Thanks for the insights.

By "modular" I meant in the sense defined in descriptive articles on FLT and from expository articles by B. Mazur, K. Ribet, and Gouvea (AMM) on the work Wiles, Frey and Ribet did on FLT in 1994-1995. Loosely put, my "assumed curve" $E/\mathbb Q[i]$ (i.e. I never did think it could be modular; I was trying to find a way to show this lack of modularity by finding a contradiction) would be modular if somehow it was to have an $L$-function that equals the corresponding complex series expansion that is a cusp form and an eigenform on the upper complex plane, so that the coefficients in the complex series expansion are the $p$-defects $a_p$ in the $L$-function.

But I was wondering how it could be possible one could have an $L$-function for an elliptic curve over $\mathbb Q[i]$, by getting reductions modulo a prime, but by doing this with a curve that is over a complex rational field extension $\mathbb Q[i]$ of the rationals (i.e. with elements $a + bi$, $a, b \in\mathbb Q$, and above the real line on $\mathbb C$). I mean how could one define an element $$ a + bi \mod p? $$ I saw nothing about this in the related literature.

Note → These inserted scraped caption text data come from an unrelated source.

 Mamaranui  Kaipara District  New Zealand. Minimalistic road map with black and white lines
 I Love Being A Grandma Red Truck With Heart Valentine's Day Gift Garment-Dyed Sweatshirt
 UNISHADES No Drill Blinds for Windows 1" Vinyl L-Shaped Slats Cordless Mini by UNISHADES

I was thinking there was a theorem by B. Mazur that showed if this assumed curve $E/\mathbb Q[i]$ was not modular over $\mathbb Q[i]$, where this is a complex field extension of $\mathbb Q$, then it certainly could not be modular as $E/\mathbb Q$.

Answer 1

An elliptic curve is modular if and only if it is a quotient of the Jacobian of a modular curve and this is independent of the field of definition so the answer to 2. is no.

It is now known, I believe, that an elliptic curve over a number field is modular if and only if it is isogenous to all its conjugates (this is known as a $\mathbb{Q}$-curve). These things certainly exist over number fields other than the rationals.

For your last question, open a book on algebraic number theory and study completions of number fields.